Firstly, you'll cover the basic installation procedure and explore the capabilities of TensorFlow 1.x. This is followed by training and running the first classifier, and coverage of the unique features of the library including data flow graphs, training, and the visualization of performance with TensorBoard-all within an example-rich context using problems from multiple industries. You'll be able to further explore text and image analysis, and be introduced to CNN models and their setup in TensorFlow 1.x. Next, you'll implement a complete real-life production system from training to serving a deep learning model. As you advance you'll learn about Amazon Web Services (AWS) and create a deep neural network to solve a video action recognition problem. Lastly, you'll convert the Caffe model to TensorFlow and be introduced to the high-level TensorFlow library, TensorFlow-Slim.
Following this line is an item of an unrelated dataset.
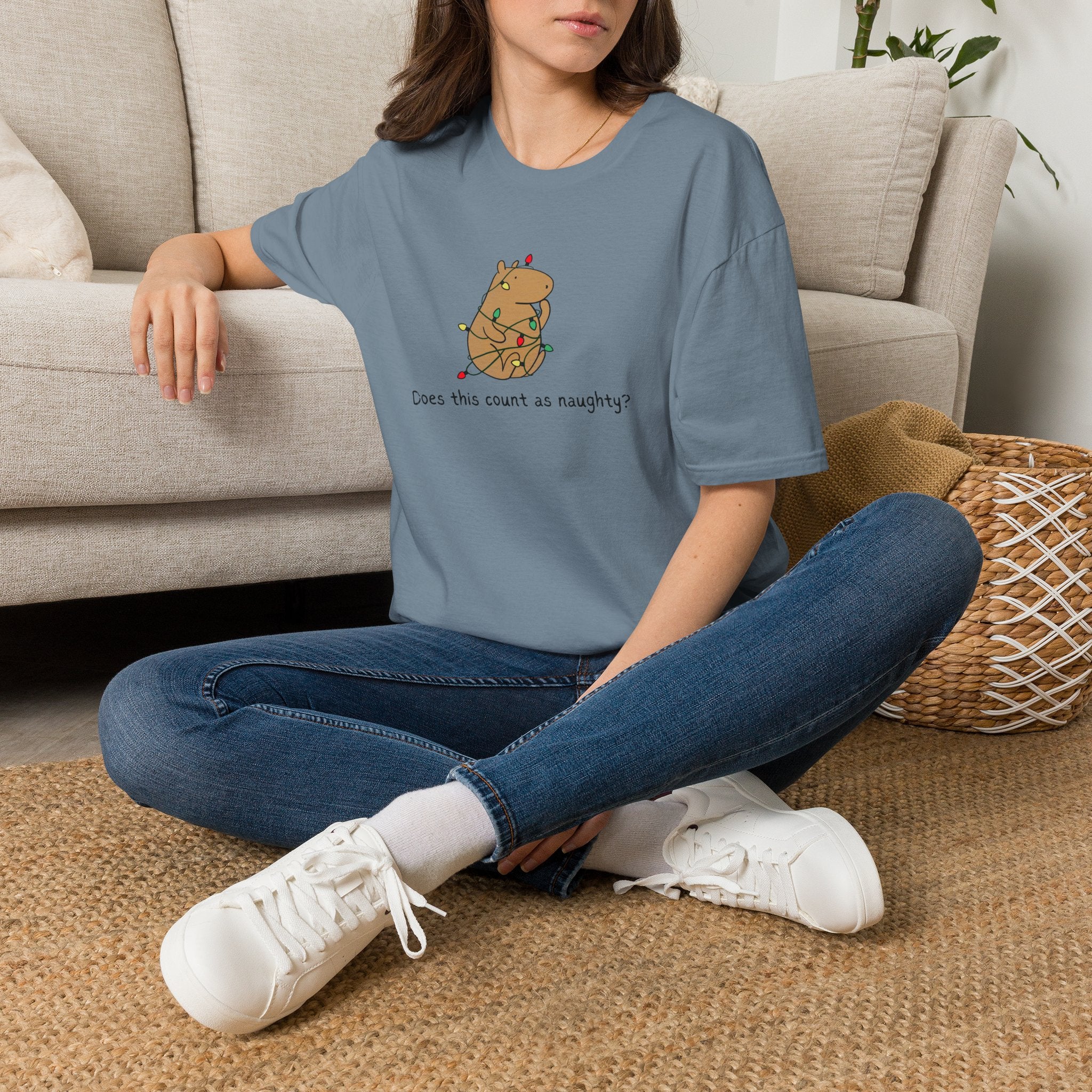 A woman sitting cross-legged on a woven rug in front of a beige sofa, wearing a slate blue  t-shirt with a capybara tangled in christmas lights and the humorous phrase "Does this count as naughty?"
By the end of this book, you will be geared up to take on any challenges of implementing TensorFlow 1.x in your machine learning environment.
Style and approach
This comprehensive guide will enable you to understand the latest advances in machine learning and will empower you to implement this knowledge in your machine learning environment.
商品描述(中文翻譯)
使用 Google 的 TensorFlow 1.x 函式庫解決常見的商業機器學習問題並建立可部署的解決方案。
本書介紹
- 透過這本實用且具洞察力的指南,進入第二代機器學習的全新時代,使用 Python。
- 為實際工業用途設置 TensorFlow 1.x,包括多 GPU 支援等高效能設置方面。
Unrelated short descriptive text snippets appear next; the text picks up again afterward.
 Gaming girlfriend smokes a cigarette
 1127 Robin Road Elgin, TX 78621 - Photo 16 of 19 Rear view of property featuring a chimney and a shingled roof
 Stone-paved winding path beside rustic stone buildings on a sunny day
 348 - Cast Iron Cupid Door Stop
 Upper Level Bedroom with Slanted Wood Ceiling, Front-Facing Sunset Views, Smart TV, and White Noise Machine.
- 使用原始的真實世界數據創建訓練和應用分類器的管道。
本書適合誰閱讀
本書適合希望從現有機器學習函式庫遷移或直接跳入機器學習平台的數據科學家和研究人員。這本書也適合希望通過範例學習深度學習的軟體開發人員。特別著重於使用 TensorFlow 的獨特功能解決來自多個行業的商業深度學習問題。不需要商業領域知識,但預期讀者對 Python 和矩陣數學有一定的熟悉度。
您將學到什麼
- 探索如何使用不同的機器學習模型來對數據提出不同的問題。
- 學習如何使用 TensorFlow 1.x 建立深度神經網絡。
- 涵蓋使用 TensorFlow 1.x 的關鍵任務,如聚類、情感分析和回歸分析。
- 了解如何編寫乾淨且優雅的 Python 代碼,以優化算法的效能。
- 發現如何將您的機器學習模型嵌入到網頁應用程式中,以提高可及性。
- 學習如何使用 AWS 的多 GPU 進行更快的訓練。
詳細內容
Google 的 TensorFlow 在機器學習的世界中是一個遊戲改變者。它使機器學習變得比以往更快、更簡單和更易於接觸。本書將教您如何利用 Python 和 TensorFlow 1.x 的力量輕鬆入門機器學習。
首先,您將涵蓋基本的安裝程序並探索 TensorFlow 1.x 的功能。接下來是訓練和運行第一個分類器,並介紹該函式庫的獨特功能,包括數據流圖、訓練和使用 TensorBoard 可視化性能——所有這些都在使用來自多個行業的問題的範例豐富的背景下進行。您將進一步探索文本和圖像分析,並介紹 CNN 模型及其在 TensorFlow 1.x 中的設置。接下來,您將實現一個完整的實際生產系統,從訓練到服務深度學習模型。隨著進展,您將了解 Amazon Web Services (AWS),並創建一個深度神經網絡來解決視頻動作識別問題。最後,您將把 Caffe 模型轉換為 TensorFlow,並介紹高階 TensorFlow 函式庫 TensorFlow-Slim。
在本書結束時,您將準備好應對在您的機器學習環境中實施 TensorFlow 1.x 的任何挑戰。
風格與方法
這本全面的指南將使您了解機器學習的最新進展,並使您能夠在您的機器學習環境中實施這些知識。